Karel Doing

Saamaka

16mm on digibeta
black&white
50 minutes
2010

subtitles available in Dutch, English and French

in collaboration with: Totomboti
based on: Djoeka by L.C.Reedijk
original footage: EYE Film Institute

Screenings:
TENT (Rotterdam)
Eye Filmmuseum (Amsterdam)
Marron Museum (Pikinslee)
Pärnu IDAFF (Estonia)
Haags Filmhuis (Den Haag)
Lumen (Delft)
Nederlands Filmfestival (Utrecht)
Voodoo to Go Festival (Utrecht)
Museum Hilversum
(Hilversum)
Black History Month (London)

Broadcast:
Holland Doc (the Netherlands)


 

After completing 'Looking for Apoekoe' a second opportunity emerged to work together with the artist collective Totomboti and the people of the Suriname village Pikinslee.

In the Netherlands I was made aware of the film 'Djoeka' completed around 1932. This film was credited to L.C.Reedijk, a Dutchman, living and working in Suriname. He was a reserve lieutenant in the army. Besides Suriname, he spent some time in the east, where he had a plantations on the east coast of Sumatra. During his stay in the two colonies, he made a number of films including 'Djoeka'.

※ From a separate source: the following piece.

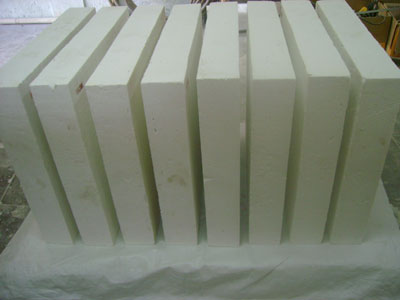 The insulating flat panel can be used in hot phase of the furnace in gas heated furnace. In the cham...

The film 'Djoeka' shows the journey of a group of white people to the Surinamese interior. They traveled by train and canoe and passed along the mission-post Botopasi, on the Suriname River, before going further into the jungle. Presumably by chance they find themselves in the middle of the events connected to the funeral of a granman (headman) and the many rituals related to those events. The original intertitles made clear that the filmmaker had no great knowledge of the events that he recorded. The original film was screened in the Netherlands as an attraction displaying the exotism of the Maroon people, self liberated slaves that established an independent society in the interior of Suriname and forced a peace treaty upon their Dutch colonial counterparts.

I proposed my Suriname collaborators to respond to the film by recording a soundtrack that explains the images from a contemporary Maroon perspective, with the aim to counteract on the white gaze of it's original maker. They selected a diverse group of participants who watched the film. We recorded their reactions, stories, performances and music, resulting in a soundtrack that follows their interpretation while leaving the original intact (besides cutting out the intertitles).

Saamaka is a dialogue between two times and two cultures. There is over 80 years between the image and sound recordings, and literally a world of difference between the Dutch and Saramaccan culture. Through blending these different elements into one document a work is created that mediates between the two cultures.